Since then, a generation of youngsters has grown up texting pals not only with words, but with pictures and videos as well. In fact, a 2011 Pew Internet survey found that 73 percent of cellphone users text, and nearly one-third of them would rather text than talk. In addition, many people with hearing and speech disabilities have abandoned TTY in favor of text messaging. Despite this phenomenon, just a small number of the nation’s 911 call centers run on secure emergency services IP-based networks, and just a handful of the centers have piloted technologies that allow the public to text 911.
So what’s taking so long?
The rapidly changing technology landscape has created a number of challenges that industry and government leaders are working to address. Planning and coordinating a system that will be interoperable — and the standard — is imperative to avoid confusion for consumers and ensure that systems work together. Early adopters have begun to lay the foundation for NG911 services, but much work remains to achieve fully functioning NG911 nationwide. Among the complications that must be resolved are the need for further standards development, regulatory hurdles and lack of funding.
Getting the Ball Rolling
Standards are critical to the efficient rollout of NG911. “Without a standard it’s challenging, No. 1, for a company or vendor to build something that is next-generation 911 compliant or compatible,” said Stephen Wisely, director of the International Association of Public-Safety Communications Officials’ Comm Center and 9-1-1 Services Department. “It’s almost impossible for a local government or regional government to spec out a system that is next-generation ready, and it’s almost impossible for a PSAP to buy new equipment that is next-generation capable.”

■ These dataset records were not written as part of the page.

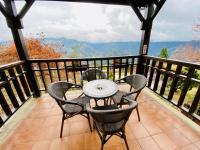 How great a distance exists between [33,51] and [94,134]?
29.4ft

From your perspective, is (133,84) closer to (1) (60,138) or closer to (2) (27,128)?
(1) (60,138)

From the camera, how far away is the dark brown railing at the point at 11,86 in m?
2.06

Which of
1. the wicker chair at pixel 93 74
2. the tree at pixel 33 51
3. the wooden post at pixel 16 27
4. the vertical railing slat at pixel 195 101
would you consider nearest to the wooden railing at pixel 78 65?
the wooden post at pixel 16 27

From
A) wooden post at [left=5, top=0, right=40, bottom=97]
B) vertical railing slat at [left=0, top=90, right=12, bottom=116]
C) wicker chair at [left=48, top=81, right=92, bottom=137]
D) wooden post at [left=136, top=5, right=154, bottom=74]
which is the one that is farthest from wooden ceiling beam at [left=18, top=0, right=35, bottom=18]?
wooden post at [left=136, top=5, right=154, bottom=74]

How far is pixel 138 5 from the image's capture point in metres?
2.90

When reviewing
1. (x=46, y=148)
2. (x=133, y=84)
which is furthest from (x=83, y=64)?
(x=46, y=148)

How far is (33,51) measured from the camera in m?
8.64

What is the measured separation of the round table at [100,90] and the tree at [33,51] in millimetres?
8098

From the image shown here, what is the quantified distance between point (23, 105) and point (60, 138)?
4.95ft

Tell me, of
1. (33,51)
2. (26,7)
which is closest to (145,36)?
(26,7)

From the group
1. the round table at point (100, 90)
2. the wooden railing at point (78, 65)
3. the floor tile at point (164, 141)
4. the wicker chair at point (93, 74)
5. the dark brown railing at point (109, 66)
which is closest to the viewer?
the floor tile at point (164, 141)

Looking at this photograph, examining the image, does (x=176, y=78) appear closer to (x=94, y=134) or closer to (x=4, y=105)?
(x=94, y=134)

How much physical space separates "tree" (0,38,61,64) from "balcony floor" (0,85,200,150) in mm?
7588

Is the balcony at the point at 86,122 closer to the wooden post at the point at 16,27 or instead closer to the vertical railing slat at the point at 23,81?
the vertical railing slat at the point at 23,81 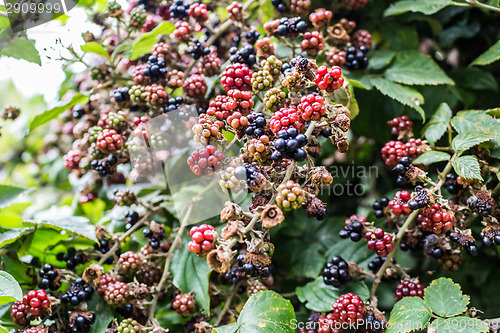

NENA has been crafting technical standards for NG911 since 2003. In 2011, its executive board formally ratified the i3 standards, which have provided direction for NG911’s underlying infrastructure and interoperability, but numerous technological matters remain to be worked out, including specific standards for sending text messages to 911.
NENA CEO Brian Fontes likens the i3 document to a blueprint: It’s a detailed vision of how to move forward, but there are bound to be changes. “When you put that blueprint out to a number of contractors that will be involved in building that building, they will come back and say, ‘We need to modify this. We need to change that.’”
Joe Hernandez, senior vice president of Intrado, a company that supplies 911 solutions to public safety answering points (PSAP) as well as telecom, VoIP and other communications providers, said the current standards are enough to set direction for the industry. “There are certain standards to get going — enough to get the ball rolling — and there are some that will be developed as we move forward.”
Hernandez said IP-based network deployments across the country are showing that it can be done, despite the challenges. “The bottom line is that the infrastructure is now proven,” Hernandez said. “The early adopter phase is done. It’s tested, it’s trialed, it’s proven, it’s in production.”
Hernandez cited Pittsylvania County, Va., as an example. Jim Davis, Pittsylvania County’s E911 director, said that when the county’s 911 equipment became outdated several years ago, it began looking at IP-based solutions. After installing IP-based equipment in the PSAP, the county started looking at call delivery systems and agreed to serve as a pilot for Intrado.
“There was really no one else out there that had a system ready to go for a network,” Davis said. “Intrado was in their research and design phase to build an IP-based 911 call delivery network.”
Rollout of the call-delivery system took about three years because there was a lot of testing and retesting to make sure all the components worked together, Davis said. The county ran two systems in parallel while the kinks were being worked out to ensure that public safety was not impacted.
“Yet it did allow us to have what we have today: a final product that I am extremely pleased with,” Davis said.